Noël Audet : La Terre promise, Remember!
Après le célèbre cochon de Marie Darrieussecq (Truismes, 1996), voilà le porcin nouveau, grincheux mais cultivé. Baptisé Remember 68, il est arrivé par voie aérienne grâce aux bons soins de Noël Audet, romancier, professeur, essayiste, à qui l’on doit plusieurs romans qui ont l’espoir et le Québec au cour, dont le beau Quand la voile faseille (1980), et, le plus connu, L’Ombre de l’épervier (1988).

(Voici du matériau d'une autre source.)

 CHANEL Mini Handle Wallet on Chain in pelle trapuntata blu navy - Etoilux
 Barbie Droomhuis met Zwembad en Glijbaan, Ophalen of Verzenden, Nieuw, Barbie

La littérature est ainsi faite qu’un cochon peut l’être plus ou moins, voler comme un avion dans le ciel sans bombarder ici et là les preuves de son alimentation, avec une grâce qui nous fait d’ailleurs oublier sa puanteur certaine, et un tel goût pour l’ouvre de reproduction (qui le ramène régulièrement sur terre) qu’on lui passe finalement son caractère de cochon.

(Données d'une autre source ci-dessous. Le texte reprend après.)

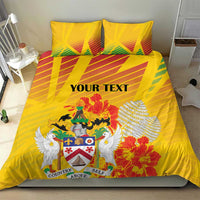 Personalized Saint Kitts and Nevis Poinciana Flowers Bedding Set With Coat Of Arms - Wonder Print Shop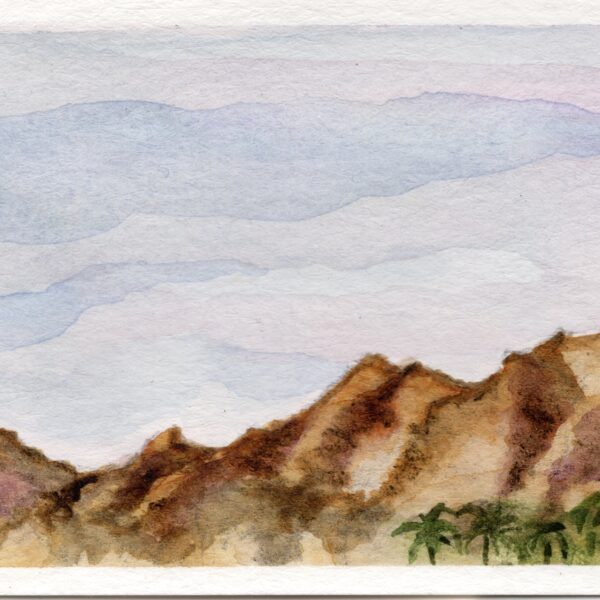 Watercolor shows mountains against the sky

Tel est Remember, dernier maillon d’une lignée de cochons-reproducteurs implantée dès 1780 en Gaspésie dans la famille Doucet, et que Noël Audet a aussi doté d’autres singulières qualités, dont celle de faire des rimes (à bien y penser, dans son cas ce serait plutôt une tare!) et celle de voyager dans le temps. C’est ainsi que le cochon s’envolera, avec à son bord, main sur le gouvernail (hmmm), Emmanuel Doucet, peintre à temps partiel, curieux à temps plein, désireux de retracer l’histoire de sa famille depuis l’arrivée de son ancêtre Nicolas Doucet à Québec en 1664, jusqu’à celle de ses descendants, en Gaspésie, puis à Sainte-Julie (incidemment toujours des Nicolas et des Gabriel; et un Xavier Audet dans le portrait).

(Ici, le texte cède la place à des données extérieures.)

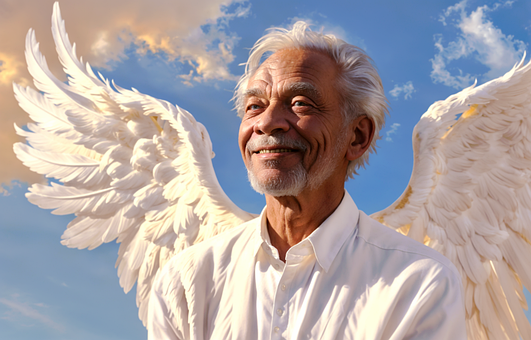 Free Black Angel Old Man Man illustration and picture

Il fallait un courage certain pour publier aujourd’hui cette histoire (et du coup notre propre Histoire) abrégée et certes romancée de la nation canadienne-française, alors qu’indiscutablement un pan – peut-être même un pan énorme – de la population québécoise préférerait non pas oublier cette Histoire, mais l’inscrire dans un débat qui n’aurait pas été déjà, comme il promet de l’être encore, mille fois rabâché. Noël Audet a comme atout d’être excellent conteur, humoristique avec ça; c’est pourquoi lorsqu’il identifie les moments du passé où d’aucuns auront abandonné la nation (la bataille des Plaines, la complicité du clergé avec le pouvoir des Anglais); et ceux où, d’elle-même, elle se sera fait hara-kiri (le référendum), on a envie de s’en souvenir avec lui.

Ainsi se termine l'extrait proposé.